EXERCISE DETAILS:
Return exactly, please, the lines from the one containing "Une chambre à" to the last line of the entries below, and nothing else, leaving pictures out.
━━━━━━━━━━━━━━━━
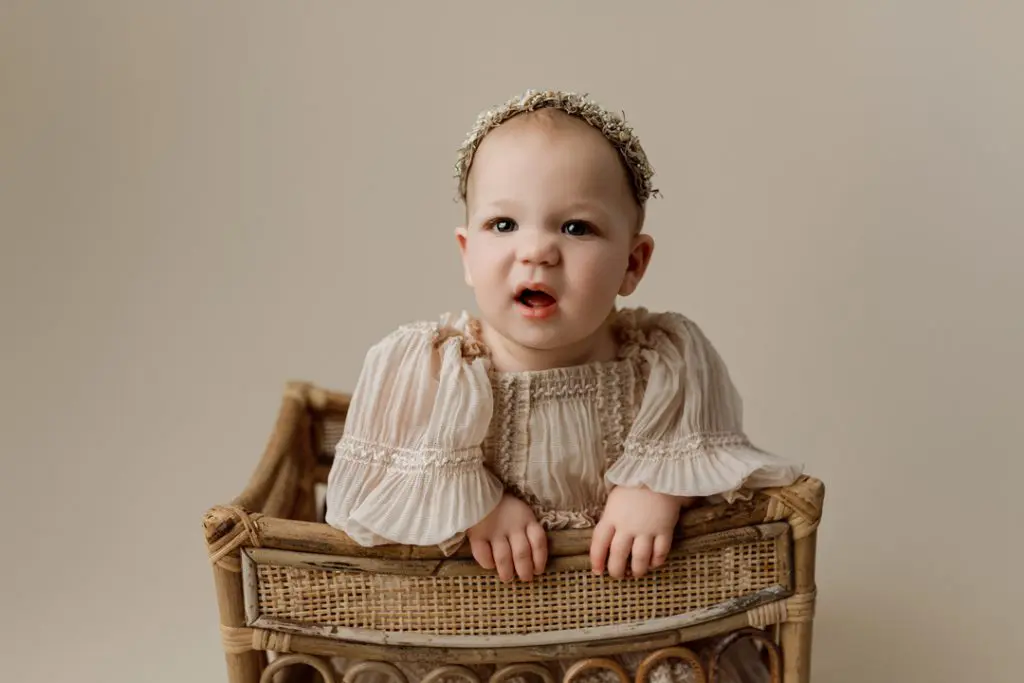 Smiling baby girl in a rustic basket during milestone photography session near Hudson, IA.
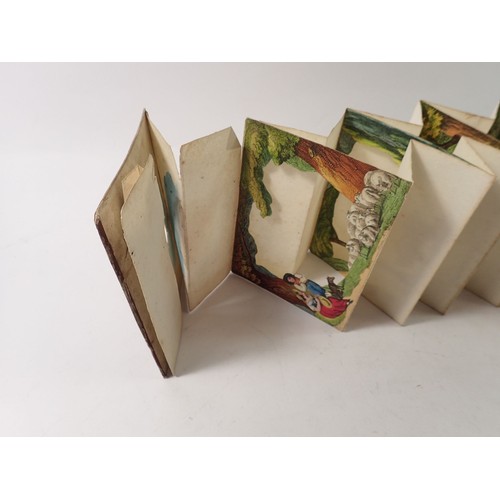 823 - A Victorian Telescopic Peepshow concertina landscape card and a coiled paper novelty push out pictur... 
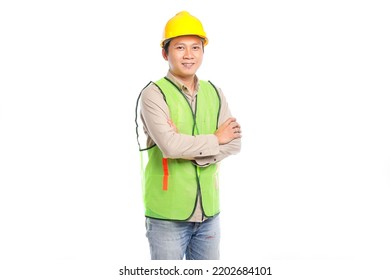 Portrait Of Young Asian Engineer Male Worker In Protective Safety Uniform Helmet Standing Isolated On White Background.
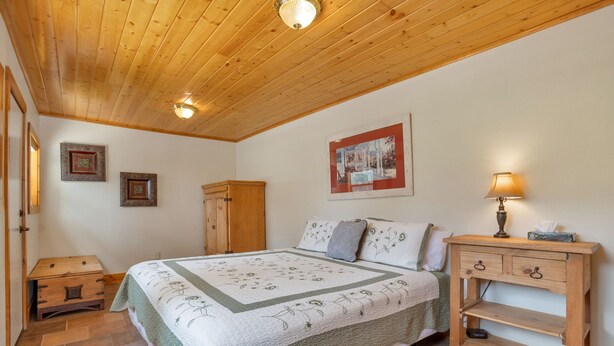 Une chambre à coucher avec un plafond en bois, un lit recouvert d’une courtepointe, une table de chevet, une armoire et un tableau encadré accroché au mur.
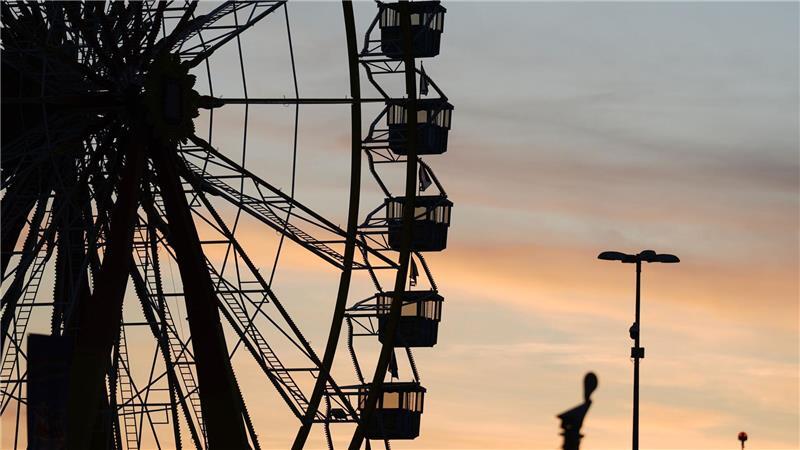 Die Gondeln vom Riesenrad auf dem Hamburger Winterdom auf dem Heiligengeistfeld sind vor dem Abendhimmel zu sehen. 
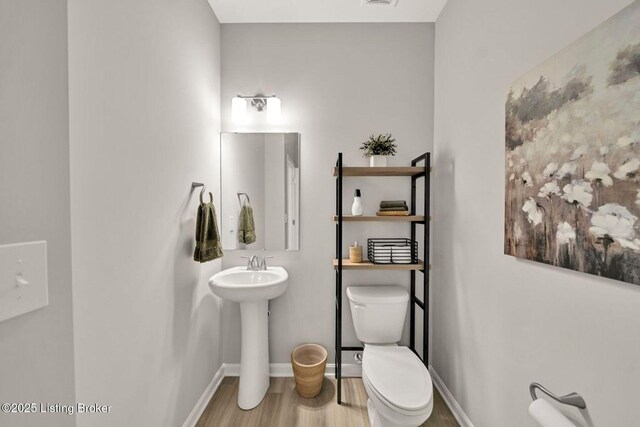 19136 Catalpa Fields Pl, Louisville, KY 40023 - bathroom with toilet and wood finished floors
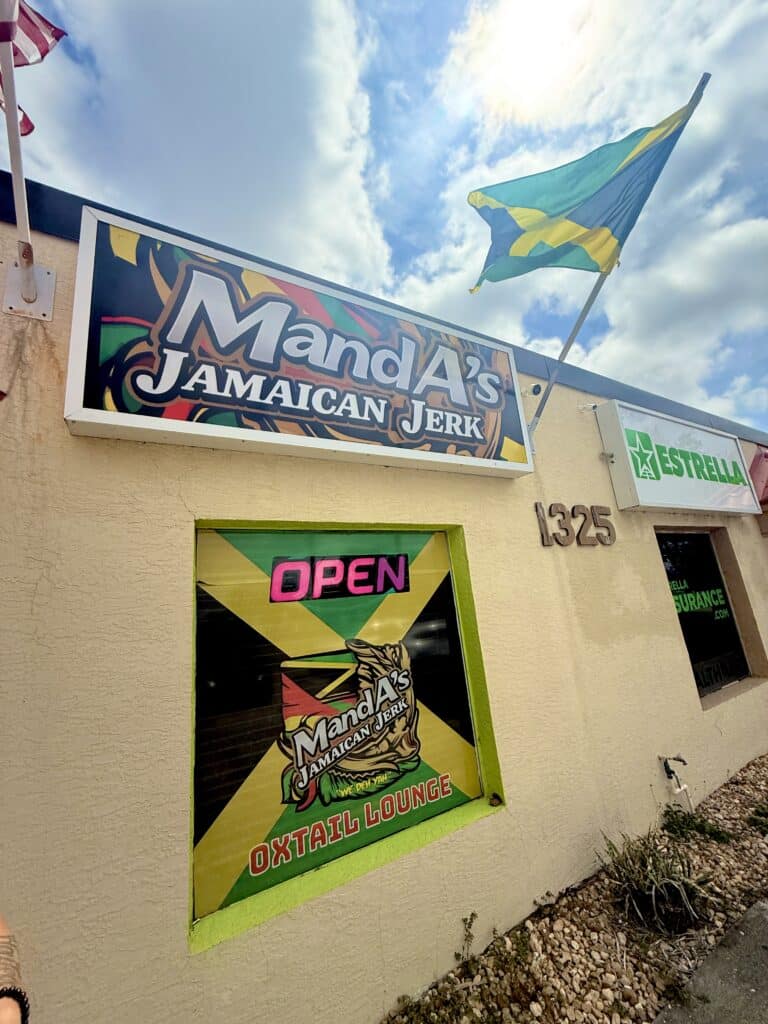 Exterior of Manda’s Jamaican Jerk in Cape Coral with open sign and Jamaican flag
━━━━━━━━━━━━━━━━
ANSWER TO THIS EXERCISE:
 Une chambre à coucher avec un plafond en bois, un lit recouvert d’une courtepointe, une table de chevet, une armoire et un tableau encadré accroché au mur.
 Die Gondeln vom Riesenrad auf dem Hamburger Winterdom auf dem Heiligengeistfeld sind vor dem Abendhimmel zu sehen. 
 19136 Catalpa Fields Pl, Louisville, KY 40023 - bathroom with toilet and wood finished floors
 Exterior of Manda’s Jamaican Jerk in Cape Coral with open sign and Jamaican flag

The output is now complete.